> [Activity] Exact transcription, pictures omitted: reproduce the listing below.

> [Data provided]
§ §

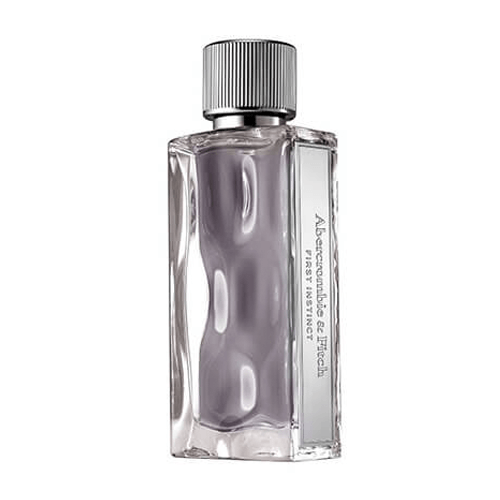 Abercrombie & Fitch First Instinct Eau de Toilette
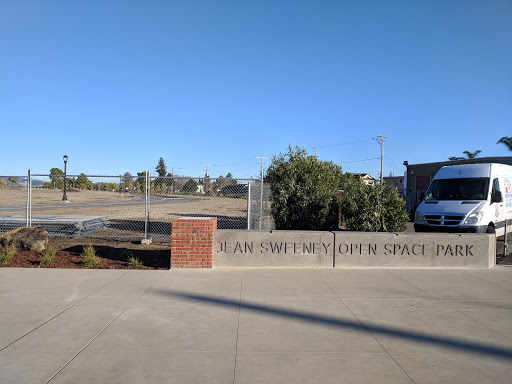 Shopping Mall «Webster Square Shopping Center», reviews and photos, 730 Atlantic Ave, Alameda, CA 94501, USA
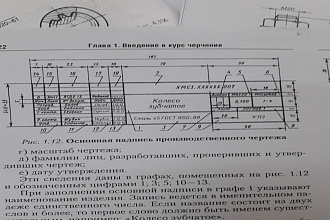 Переведу текст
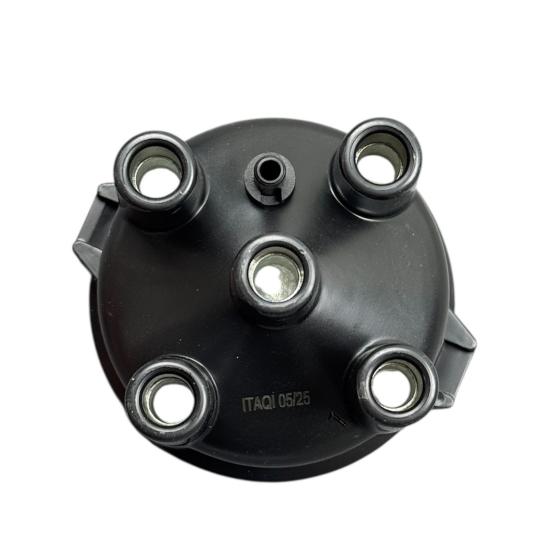 Hyundai Kapak Distribütör Accent 1,5 95-00/Excel 1,5 90-94 /Lancer 90-94/Galant 90-94 (Büyük Tip) EL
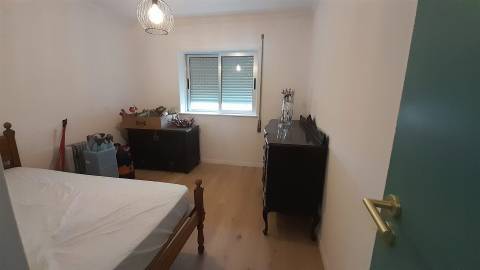 Apartamento T3 Venda em Vila Praia de Âncora,Caminha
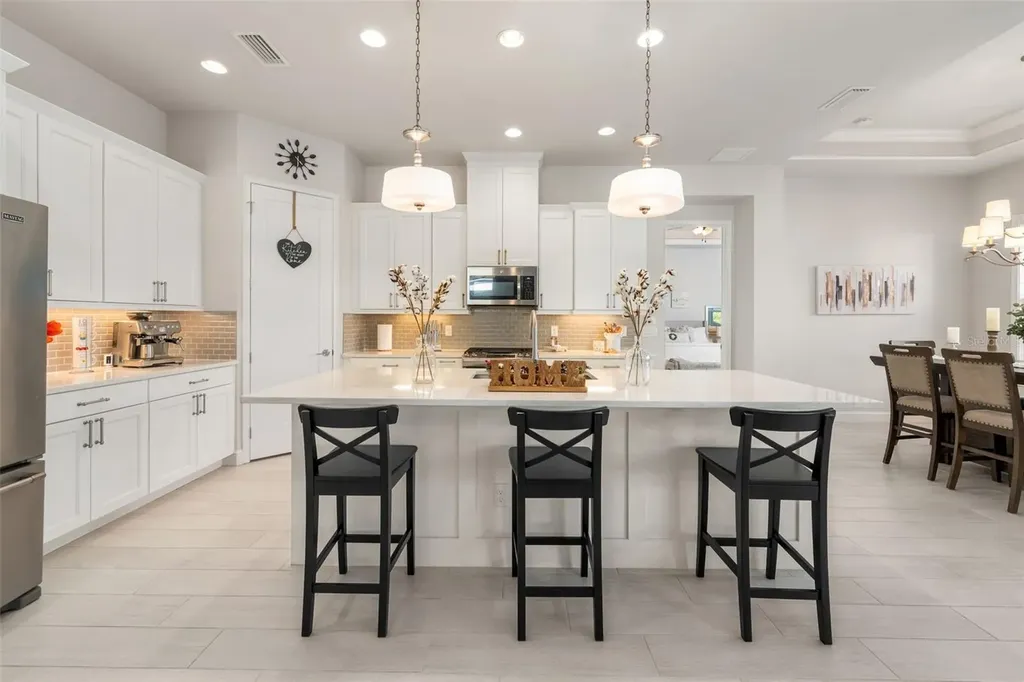 11918 SW 32nd Lane Gainesville FL 32608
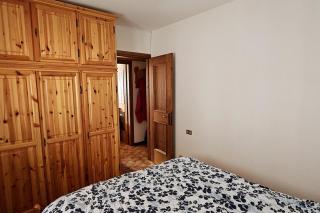 Ciasa Nuvola Apartment - Cibiana - 2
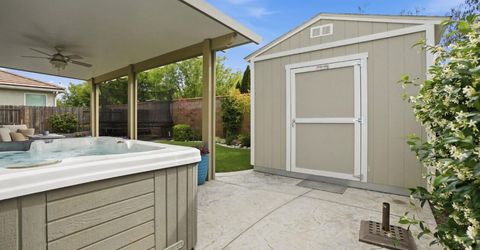 1652 Cady Ln, Ripon, CA 95366 Photo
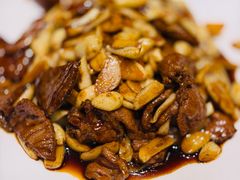 -城南往事·鲁菜济南菜(长清园博园恒大绿洲店)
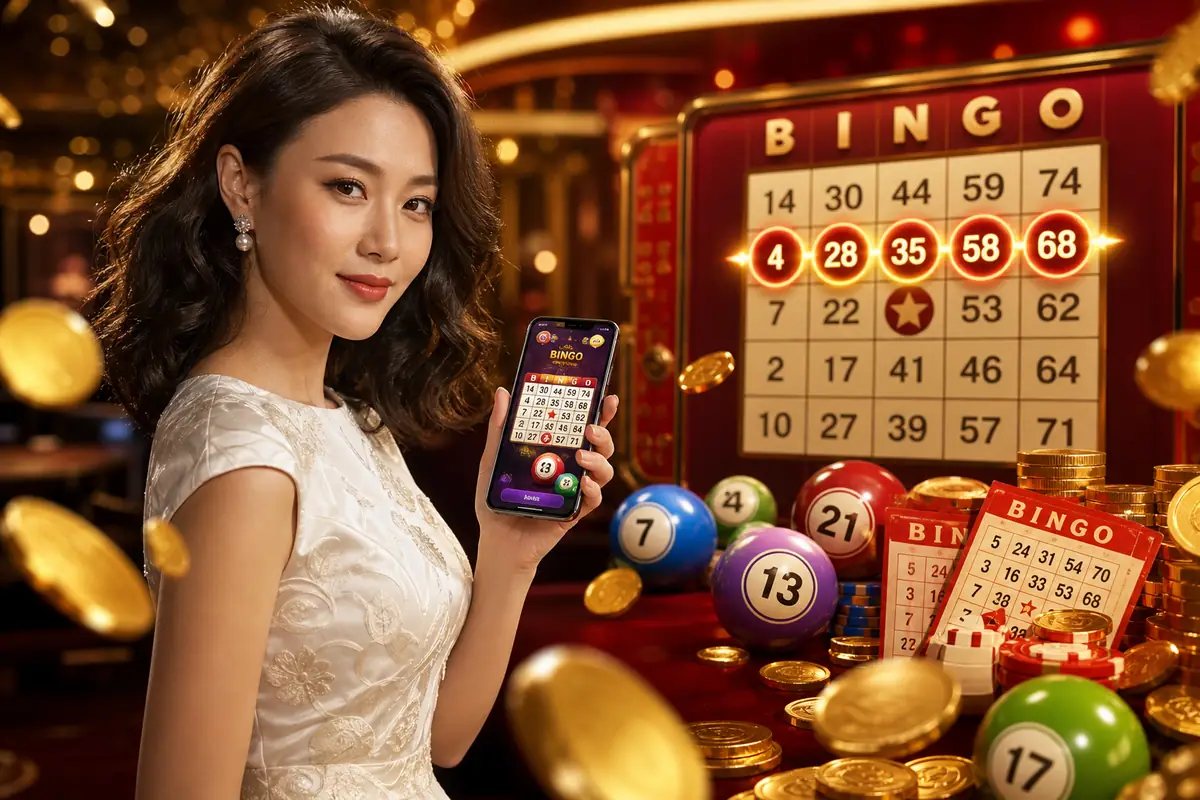 a80222 ထင်ရှားသော Slot ဂိမ်းများ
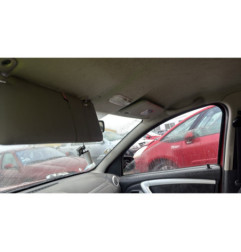 Poignee interieur avant gauche DACIA SANDERO 1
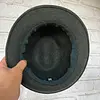Sombrero Tirolés Verde - Alemania 1980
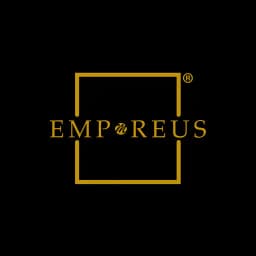 Empreus Smart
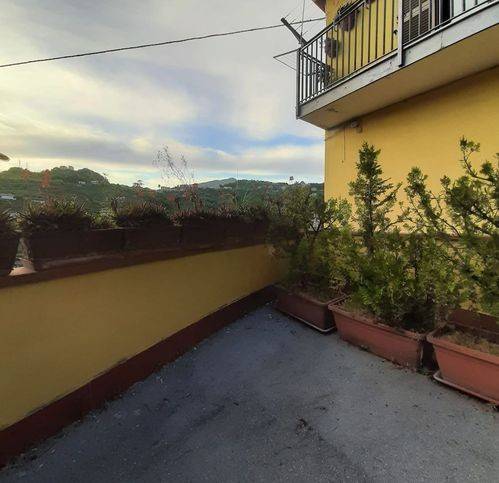 Appartamento a Salerno in Via San Pio Da Pietrelcina 30 - Foto 5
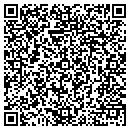 QR code with Jones Rosial Carlton Jr contacts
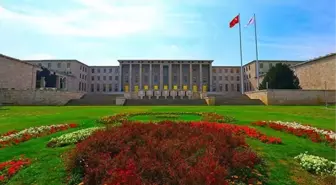 Meclis açıldı mı? 2023 TBMM ne zaman açılacak, açıldı mı? 28. dönem milletvekilleri ne zaman göreve başlıyor?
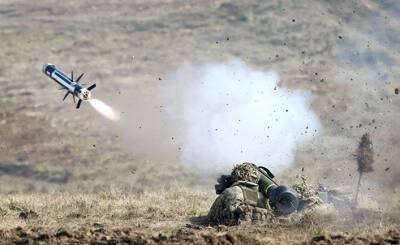 iDnes (Чехия): грядет столкновение на Украине? Россияне оснащают танки броней, защищающей от дронов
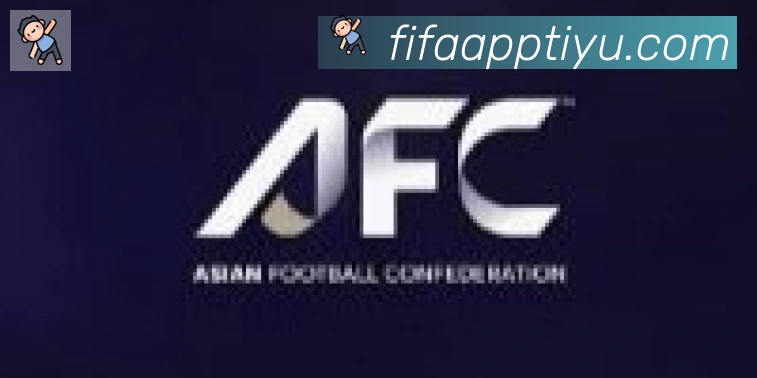 FIFA世界杯买球官方网站合作伙伴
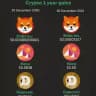 Crypto Updates 💵🚀💰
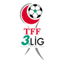 3. Lig , Group 4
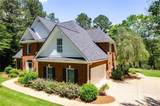 110 Pond View Point - Photo 8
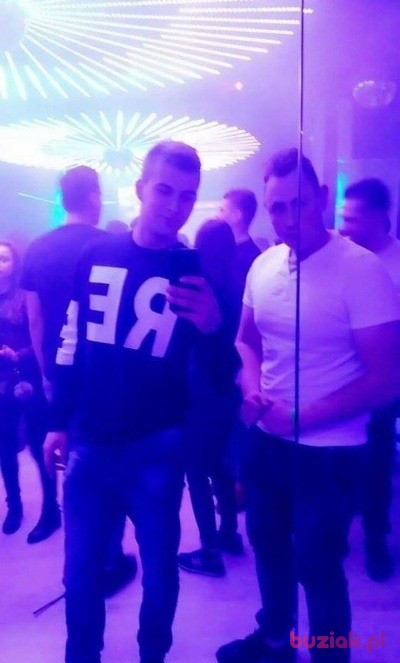 Kamil, Male, 29, Tarnów, Polska, Photo: 2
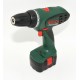 ATORNILLADOR TALADRO BOSCH PSR 14.4 VE-2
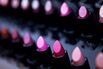 Cosmetics Seller Sephora Is Driving Growth at Luxury House LVMH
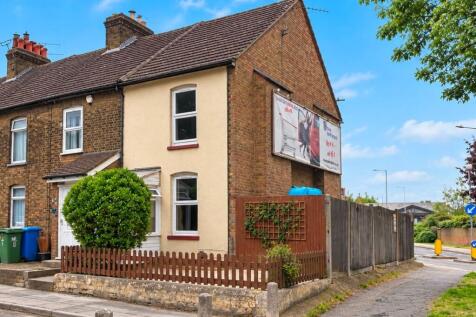 Click to visit Rightmove listing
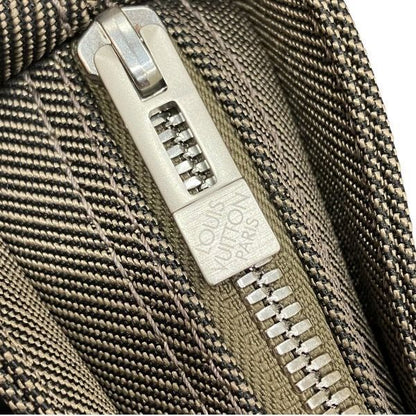 Louis Vuitton Damier Jean Compagnon M93045 Bag Shoulder Bag Messenger Bag Men's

§ §

> [Answer to the exercise]
 Abercrombie & Fitch First Instinct Eau de Toilette
 Shopping Mall «Webster Square Shopping Center», reviews and photos, 730 Atlantic Ave, Alameda, CA 94501, USA
 Переведу текст
 Hyundai Kapak Distribütör Accent 1,5 95-00/Excel 1,5 90-94 /Lancer 90-94/Galant 90-94 (Büyük Tip) EL
 Apartamento T3 Venda em Vila Praia de Âncora,Caminha
 11918 SW 32nd Lane Gainesville FL 32608
 Ciasa Nuvola Apartment - Cibiana - 2
 1652 Cady Ln, Ripon, CA 95366 Photo
 -城南往事·鲁菜济南菜(长清园博园恒大绿洲店)
 a80222 ထင်ရှားသော Slot ဂိမ်းများ
 Poignee interieur avant gauche DACIA SANDERO 1
Sombrero Tirolés Verde - Alemania 1980
 Empreus Smart
 Appartamento a Salerno in Via San Pio Da Pietrelcina 30 - Foto 5
 QR code with Jones Rosial Carlton Jr contacts
 Meclis açıldı mı? 2023 TBMM ne zaman açılacak, açıldı mı? 28. dönem milletvekilleri ne zaman göreve başlıyor?
 iDnes (Чехия): грядет столкновение на Украине? Россияне оснащают танки броней, защищающей от дронов
 FIFA世界杯买球官方网站合作伙伴
 Crypto Updates 💵🚀💰
 3. Lig , Group 4
 110 Pond View Point - Photo 8
 Kamil, Male, 29, Tarnów, Polska, Photo: 2
 ATORNILLADOR TALADRO BOSCH PSR 14.4 VE-2
 Cosmetics Seller Sephora Is Driving Growth at Luxury House LVMH
 Click to visit Rightmove listing
 Louis Vuitton Damier Jean Compagnon M93045 Bag Shoulder Bag Messenger Bag Men's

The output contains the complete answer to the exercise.